_Provided data_

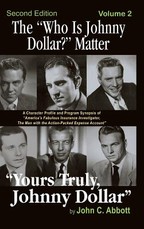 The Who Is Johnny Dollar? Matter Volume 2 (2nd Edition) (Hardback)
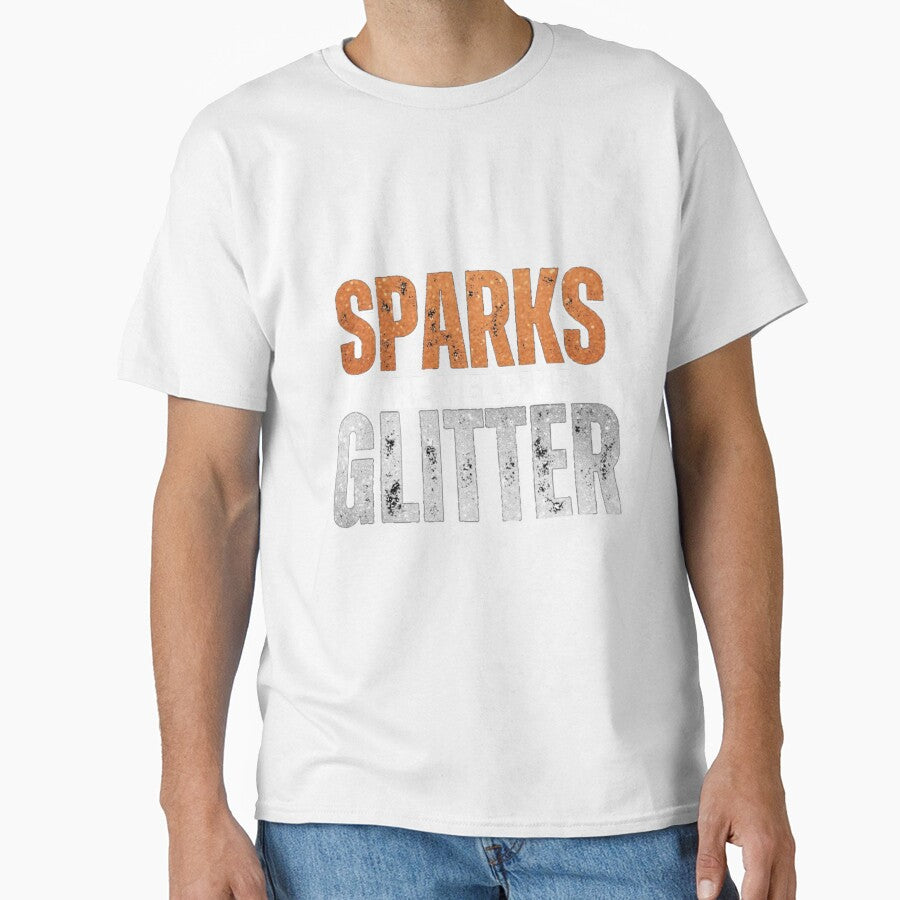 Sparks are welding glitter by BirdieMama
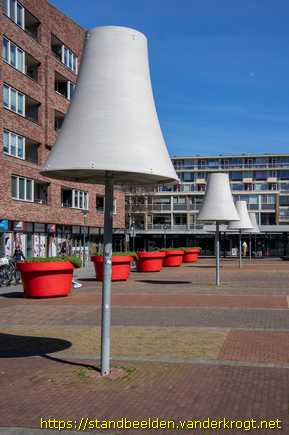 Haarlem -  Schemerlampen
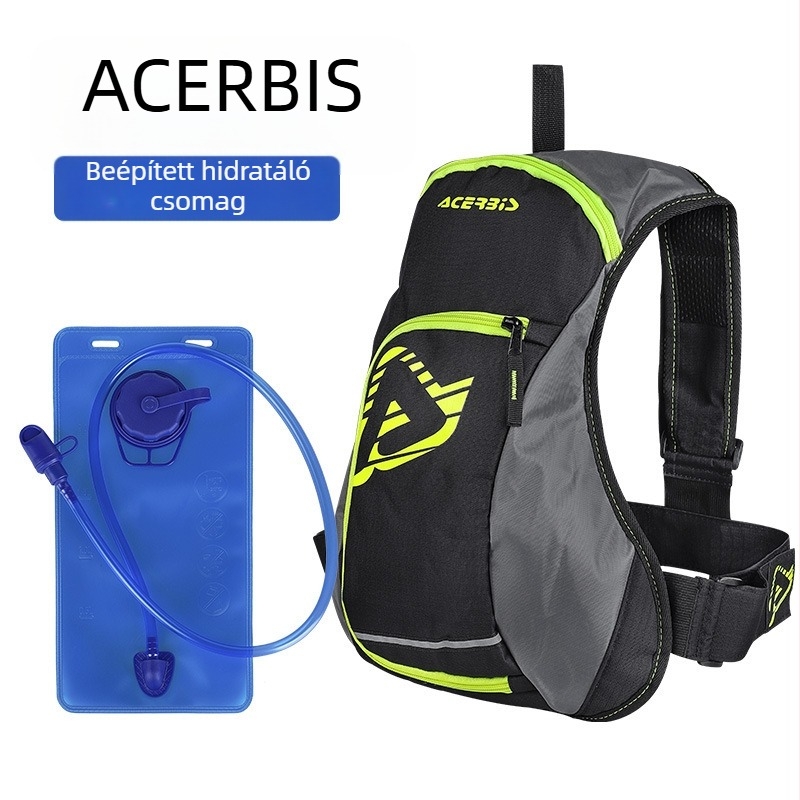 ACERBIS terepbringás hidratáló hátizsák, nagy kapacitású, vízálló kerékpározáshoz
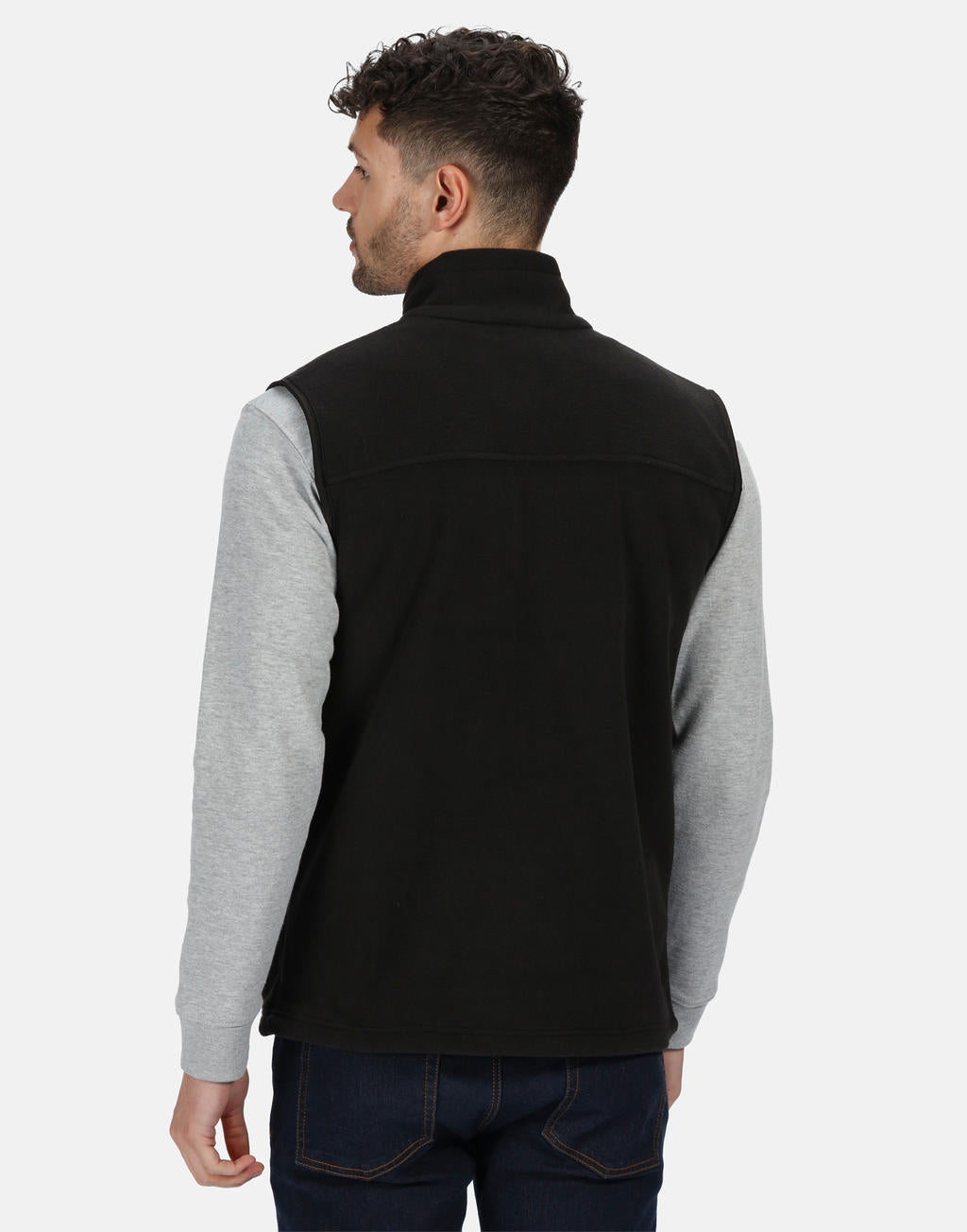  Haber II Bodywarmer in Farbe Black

_Exercise description_
Please produce an exact copy of the listing, omitting the pictures.

_Result_
 The Who Is Johnny Dollar? Matter Volume 2 (2nd Edition) (Hardback)
 Sparks are welding glitter by BirdieMama
 Haarlem -  Schemerlampen
 ACERBIS terepbringás hidratáló hátizsák, nagy kapacitású, vízálló kerékpározáshoz
  Haber II Bodywarmer in Farbe Black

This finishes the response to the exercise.